Sunday, March 3, 2013

Seeing the Pretty

I’m not sure why I buy toys for He’en when there’s a perfectly good supply of leptoglossus occidentalis crawling around whenever the weather gets above freezing. This afternoon He’en announced from the bathroom, “MOM! Dere is a STEEN-k-buhG on da faucet.”  [Henceforth I will will use the traditional spelling, but you, gentle reader, must promise to pronounce it, in your head, “STEEN-k-buhG.”]

I sighed inwardly and shifted Dragon Girl onto my hip.  “Okay, should we put him outside?”

“Yesss.”

Thence followed a one-handed search for an appropriate buglift.
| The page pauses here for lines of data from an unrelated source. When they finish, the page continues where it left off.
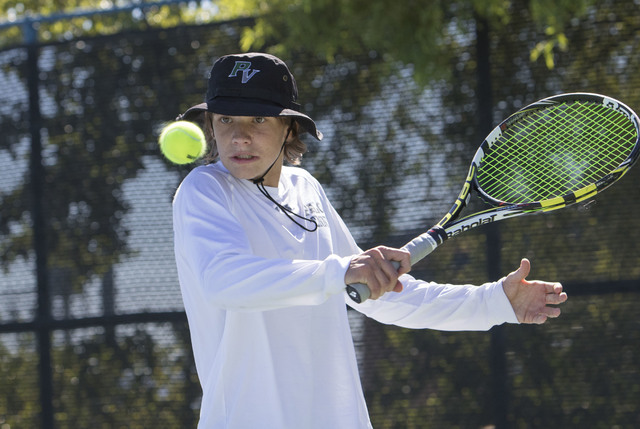 Palo Verdeճ Sam Soderbergh plays against Desert Oasis sophomore Josh Sharman in the Cl ...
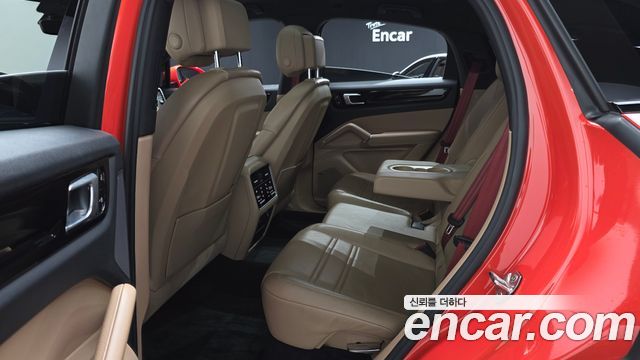 Porsche Cayenne 2020 — photo 11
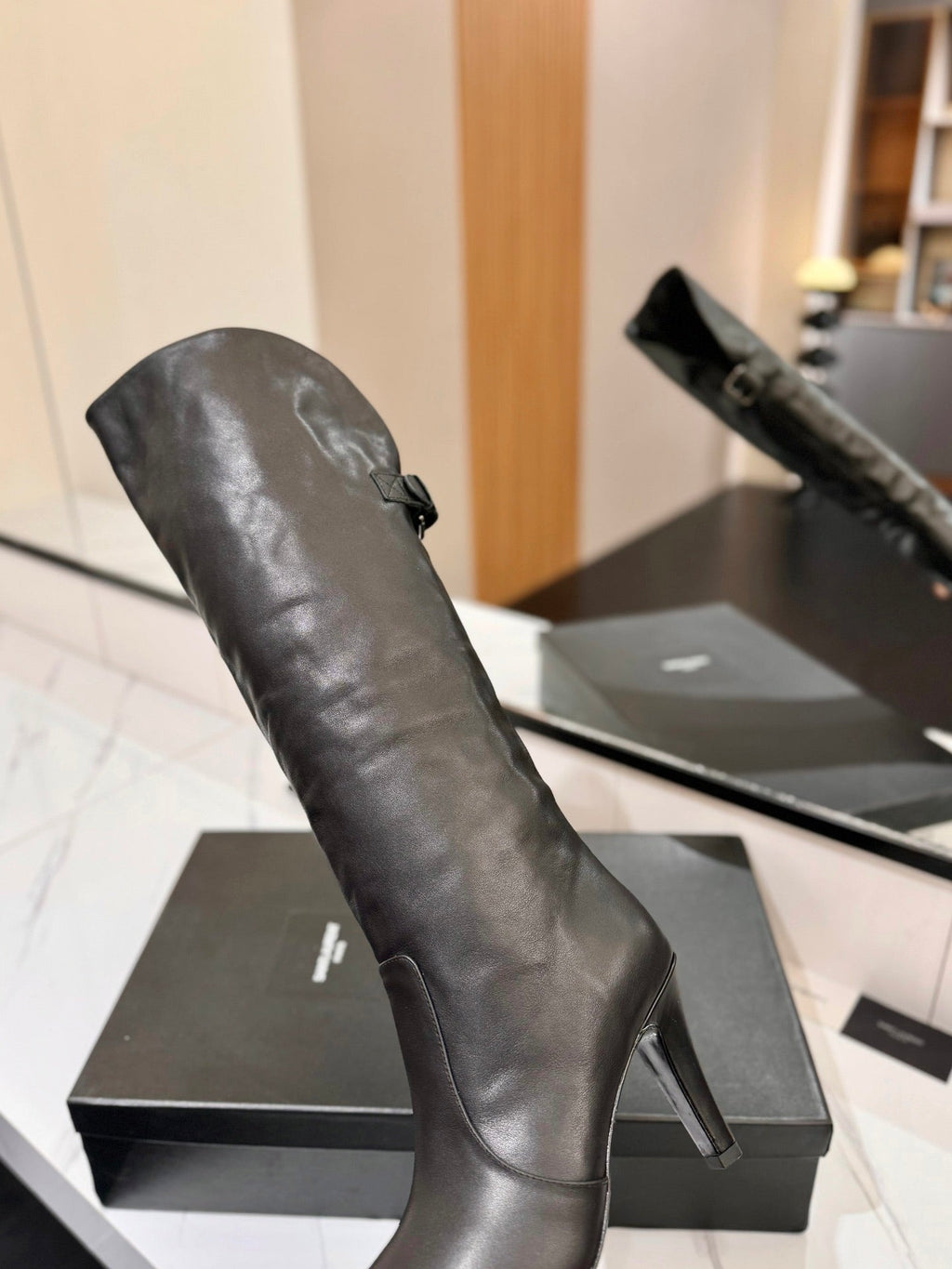 CLASSIC HIGH KNEE BOOTS IN BLACK CALFSKIN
We concluded that a paper Dixie cup would do the trick. “I wan’ take him out my-SEF,” He’en insisted.

“Okay, but stay on the porch, please.” We are enjoying a mild day after the recent snowstorms, so I released He’en and her Dixie cup onto the front porch.  She sat there for a while, turning the cup this-way and that-way, examining its inhabitant. I settled down to feed Dragon Girl, which was just foolish, because Helen immediately reappeared inside, still cradling both cup and cargo.

“Please can I yook at him on da utha pawch [other porch]?”

Sure, why not. So I relocated both He’en and stinkbug* to the sunny south porch. She sat out there for quite a while, lifting and turning her hands in the mellow afternoon light while the stinkbug climbed up and down her aqua sweatshirt with the sparkly butterfly on the front.  (Being no idiot, the stinkbug had, by this time, abandoned his Dixie cup for warmer climes.)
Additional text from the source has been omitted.